Since S3FileSystem is not taken into account in FSHDFSUtils#isSameHdfs, we
need to add more code to avoid the overhead.

Can you log a JIRA with what you discovered ?

Thanks

On Thu, Jun 21, 2018 at 2:08 PM, Austin Heyne <[email protected]> wrote:

> Hi again,
>
> I've been doing more digging into this and I've found that with the way
> the code it written it's actually impossible. In FSHDFSUtils [1] HBase
> attempts to get the Canonical Service Name from Hadoop. Since we're running
> on EMR our filesystem is the S3NativeFileSystem (com.amazon) which extends,
> I believe, the NativeS3FileSystem (org.apache).
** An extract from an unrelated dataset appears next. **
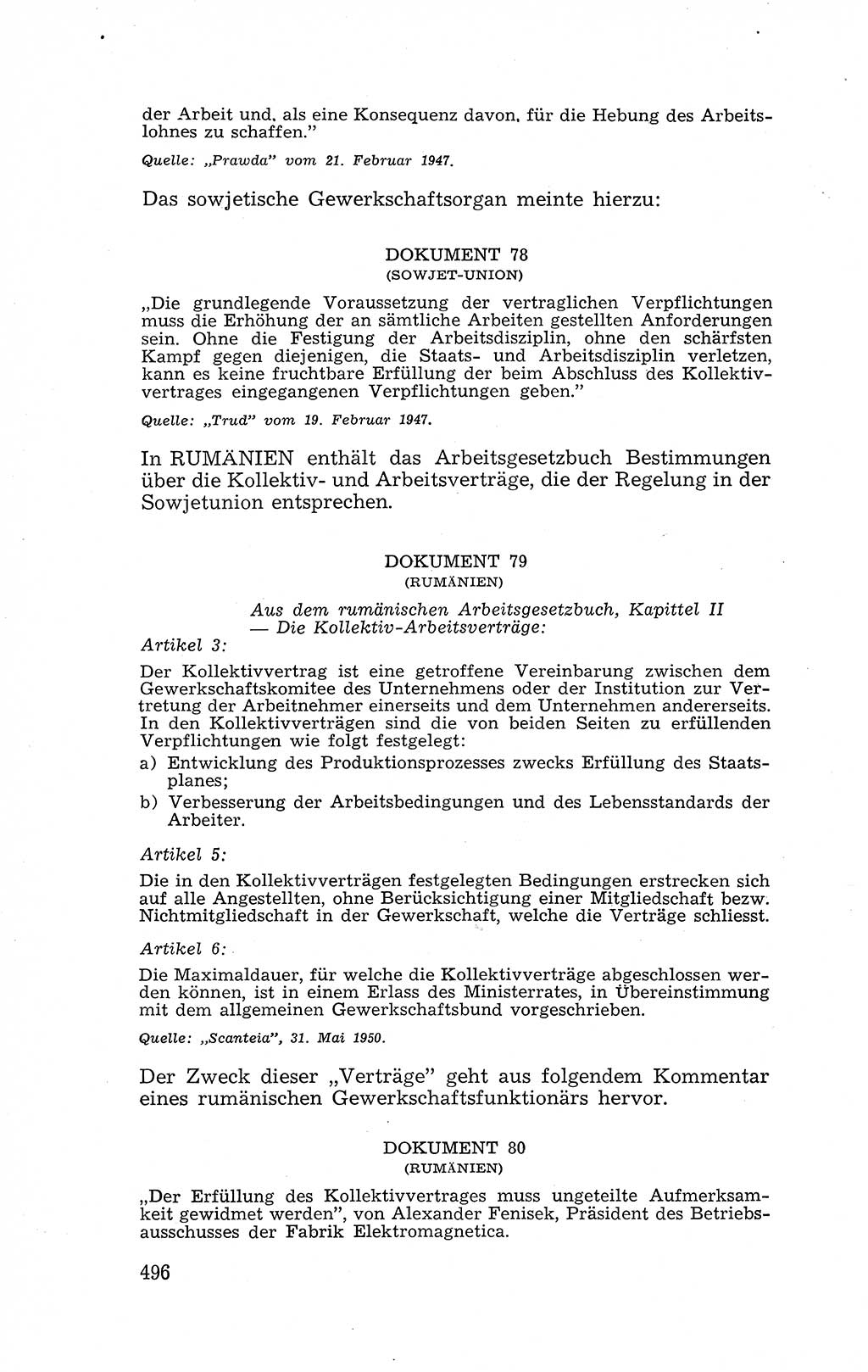 Recht in Fesseln, Dokumente, Internationale Juristen-Kommission [Bundesrepublik Deutschland (BRD)] 1955, Seite 496 (R. Dok. IJK BRD 1955, S. 496)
Since the
> NativeS3FileSystem [2] and S3FileSystem [2] both always return null for
> getCannonicalServiceName and from testing it appears the S3NativeFileSystem
> does the same it looks like there is no way to get past the check in
> FSHDFSUtils.isSameHdfs when running on S3 of any kind.
>
> Does anyone know of a workaround for this issue?
>
> Thanks,
> Austin Heyne
>
> [1] https://github.com/apache/hbase/blob/rel/1.4.2/hbase-server/
> src/main/java/org/apache/hadoop/hbase/util/FSHDFSUtils.java#L120-L123
> [2] https://github.com/apache/hadoop/blob/release-2.8.3-RC0/hado
> op-tools/hadoop-aws/src/main/java/org/apache/hadoop/fs/
> s3native/NativeS3FileSystem.java#L788-L791
> [3] https://github.com/apache/hadoop/blob/release-2.8.3-RC0/hado
> op-tools/hadoop-aws/src/main/java/org/apache/hadoop/fs/s3/
> S3FileSystem.java#L403-L406
>
>
> On 06/20/2018 07:07 PM, Austin Heyne wrote:
>
>> Hi everyone,
>>
>> I'm trying to run a bulk load of about 15TB of data sitting in s3 that
>> I've bulk ingested. When I initiate the load I'm seeing the data get copied
>> down to the workers and then back up to s3 even though the HBase root is
>> that same bucket.
>>
>> Data to be bulk loaded is at s3://bucket_name/data/bulkload/z3/d/ and
>> the HBase root is s3://bucket_name/. I have validation disabled through the
>> "hbase.loadincremental.validate.hfile" = "false" config set in code
>> before I call LoadIncrementalHFiles.doBulkLoad. (Code is available at
>> [1]) The splits have already been generated with the same config that was
>> used during the ingest so they'll line up. I'm currently running HBase
>> 1.4.2 on AWS EMR. The logs of interest were pulled from a worker on the
>> cluster:
>>
>> """
>> 2018-06-20 22:42:15,888 INFO 
>> [RpcServer.default.FPBQ.Fifo.handler=29,queue=2,port=16020]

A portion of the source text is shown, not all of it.